Stage 11 Embryos Show Reduced Immune Competency in Response to Bacterial Invasion (A) Stage 11 embryos expressing Drosocin-GFP fail to switch on Drosocin upon superficial injection with Ecc15 (compare to stage 15). This development of immune competence coincides with a pulse of ecdysone in the embryo that peaks at approximately 8 hr after egg laying. (B) Survival analysis upon septic injection with E. coli, Ecc15, and M. luteus in stage 15 and stage 11 wild-type embryos clearly shows that early embryos are compromised in their survival after infection with all bacteria tested. Statistical significance was determined by multiple unpaired t tests (^∗p < 0.05, ^∗∗p < 0.01). n = 100 embryos for all genotypes. (C) Stage 11 and stage 15 embryos were injected with Ecc15, E. coli, or M. luteus, and colony-forming units were determined at 8 hpi. Bacterial load is significantly higher in infected stage 11 embryos. The significance was assessed by multiple unpaired t tests (p < 0.01). The infections were performed in groups of 25 embryos and reproduced in six independent experiments. (D) Effect of bacterial infection upon survival of stage 15 ecdysone receptor mutant embryos shows that mutants have compromised survival at 24 hpi with Ecc15. The survival of embryos expressing dominant-negative EcR-B1 receptor in hemocytes (srp>EcR-B1 DN) was not significantly different from that of wild-type embryos, whereas expression of dominant-negative EcR-B1 receptor in the trachea using btl-Gal4 leads to a reduction in survival to levels observed in EcR mutants. Statistical significance was determined by two-way ANOVA followed by Tukey’s multiple comparison test (^∗p < 0.05, ^∗∗p < 0.01, and ^∗∗∗p < 0.005). n = 100 embryos for all genotypes. (E) Bacterial load is higher in infected stage 15 btl>EcR-B1 DN embryos than in control embryos at 8 hpi. Statistical significance was determined by multiple unpaired t tests (^∗p = 0.004).

Figure 4

Ecdysone Regulates Embryonic Immune Responses (A) Real-time qPCR analysis of Cecropin A1, Defensin, and Metchnikowin expression in stage 15 wild-type and transheterozygous EcRQ^50st/EcR^M55fs mutant embryos at 2 hpi with Ecc15. Graphs show a reduced expression of all three AMPs in the mutant after infection. Gene expression levels were normalized to rp49 levels and were then standardized to nontreated samples and presented as fold change.

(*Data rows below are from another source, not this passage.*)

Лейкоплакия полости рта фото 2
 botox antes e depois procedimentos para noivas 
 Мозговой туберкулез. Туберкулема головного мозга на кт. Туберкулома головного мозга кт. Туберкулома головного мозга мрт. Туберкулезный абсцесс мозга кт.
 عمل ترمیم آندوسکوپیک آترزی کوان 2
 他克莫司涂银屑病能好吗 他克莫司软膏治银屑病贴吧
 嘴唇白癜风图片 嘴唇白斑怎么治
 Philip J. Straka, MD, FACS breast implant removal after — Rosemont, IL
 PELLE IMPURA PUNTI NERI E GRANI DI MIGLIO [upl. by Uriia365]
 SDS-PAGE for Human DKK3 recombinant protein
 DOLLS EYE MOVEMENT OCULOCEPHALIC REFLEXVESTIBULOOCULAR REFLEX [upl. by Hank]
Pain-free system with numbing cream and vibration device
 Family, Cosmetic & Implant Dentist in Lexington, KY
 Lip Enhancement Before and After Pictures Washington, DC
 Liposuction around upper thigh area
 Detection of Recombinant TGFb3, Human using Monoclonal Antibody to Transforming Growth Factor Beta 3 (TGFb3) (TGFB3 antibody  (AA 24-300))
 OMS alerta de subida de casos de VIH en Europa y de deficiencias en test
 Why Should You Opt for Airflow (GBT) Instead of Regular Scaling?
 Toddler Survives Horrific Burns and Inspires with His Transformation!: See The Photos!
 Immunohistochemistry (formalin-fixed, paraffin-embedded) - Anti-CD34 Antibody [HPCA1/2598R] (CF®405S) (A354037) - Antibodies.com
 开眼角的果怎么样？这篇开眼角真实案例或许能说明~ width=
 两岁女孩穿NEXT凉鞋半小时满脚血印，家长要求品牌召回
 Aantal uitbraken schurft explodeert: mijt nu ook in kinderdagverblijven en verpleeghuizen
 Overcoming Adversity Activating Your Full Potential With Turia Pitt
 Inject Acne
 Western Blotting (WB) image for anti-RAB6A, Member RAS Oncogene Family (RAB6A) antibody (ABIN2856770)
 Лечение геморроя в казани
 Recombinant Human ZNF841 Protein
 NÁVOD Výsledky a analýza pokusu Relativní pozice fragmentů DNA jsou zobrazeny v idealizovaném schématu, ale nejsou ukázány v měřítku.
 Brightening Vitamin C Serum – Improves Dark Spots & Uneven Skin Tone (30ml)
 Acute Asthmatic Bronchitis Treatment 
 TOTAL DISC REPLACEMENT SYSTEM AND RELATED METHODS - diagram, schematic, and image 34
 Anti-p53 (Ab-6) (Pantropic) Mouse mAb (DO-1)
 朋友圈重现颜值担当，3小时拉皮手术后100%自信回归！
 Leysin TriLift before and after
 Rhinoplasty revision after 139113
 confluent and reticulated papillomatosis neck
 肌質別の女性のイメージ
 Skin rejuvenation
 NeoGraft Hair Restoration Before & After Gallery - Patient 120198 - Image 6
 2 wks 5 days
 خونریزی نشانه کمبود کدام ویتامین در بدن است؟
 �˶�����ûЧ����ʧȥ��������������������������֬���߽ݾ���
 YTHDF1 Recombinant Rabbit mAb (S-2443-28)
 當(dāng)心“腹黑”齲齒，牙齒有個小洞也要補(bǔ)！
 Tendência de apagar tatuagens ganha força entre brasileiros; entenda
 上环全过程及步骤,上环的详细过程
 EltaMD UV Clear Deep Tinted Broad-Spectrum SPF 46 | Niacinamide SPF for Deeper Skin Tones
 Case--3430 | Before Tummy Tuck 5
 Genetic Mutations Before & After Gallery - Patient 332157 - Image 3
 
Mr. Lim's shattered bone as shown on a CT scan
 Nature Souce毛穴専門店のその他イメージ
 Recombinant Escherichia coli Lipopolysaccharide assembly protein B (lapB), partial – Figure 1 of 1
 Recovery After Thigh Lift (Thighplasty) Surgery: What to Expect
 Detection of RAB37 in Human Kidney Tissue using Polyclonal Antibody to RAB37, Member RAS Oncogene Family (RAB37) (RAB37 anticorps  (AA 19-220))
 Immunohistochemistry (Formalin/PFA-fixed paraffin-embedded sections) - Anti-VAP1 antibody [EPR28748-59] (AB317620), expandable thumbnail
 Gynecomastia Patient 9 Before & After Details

For each treatment, the values shown represent the mean of three independent experiments. Error bars represent the SD. ^∗p < 0.05, ^∗∗p < 0.01, and ^∗∗∗p < 0.001 as determined by one-way ANOVA with an ad hoc Tukey’s multiple comparison test. (B) Representative images of Drosocin-GFP-expressing stage 11 and stage 15 embryos 12 and 6 hpi, respectively, with Ecc15. Images show an apparent lack of Drc-GFP expression in young embryos upon bacterial infection (Ecc15), which can be rescued upon coinjection with 25 μM ecdysone (Ecc15+20HE). Treatment with ecdysone in the absence of bacteria did not cause an upregulation of Drosocin (20-HE). Scale bars represent 50 μm. (C) Real-time qPCR analysis of Drosocin expression in stage 11 embryos after treatment with 25 μM 20-HE. The graph shows that, consistent with Drc-GFP data in (B), addition of ecdysone is able to rescue Drosocin expression in early embryos upon Ecc15 infection. Error bars represent the SD. ^∗p < 0.05 as determined by one-way ANOVA with an ad hoc Holm-Sidak’s multiple comparison test.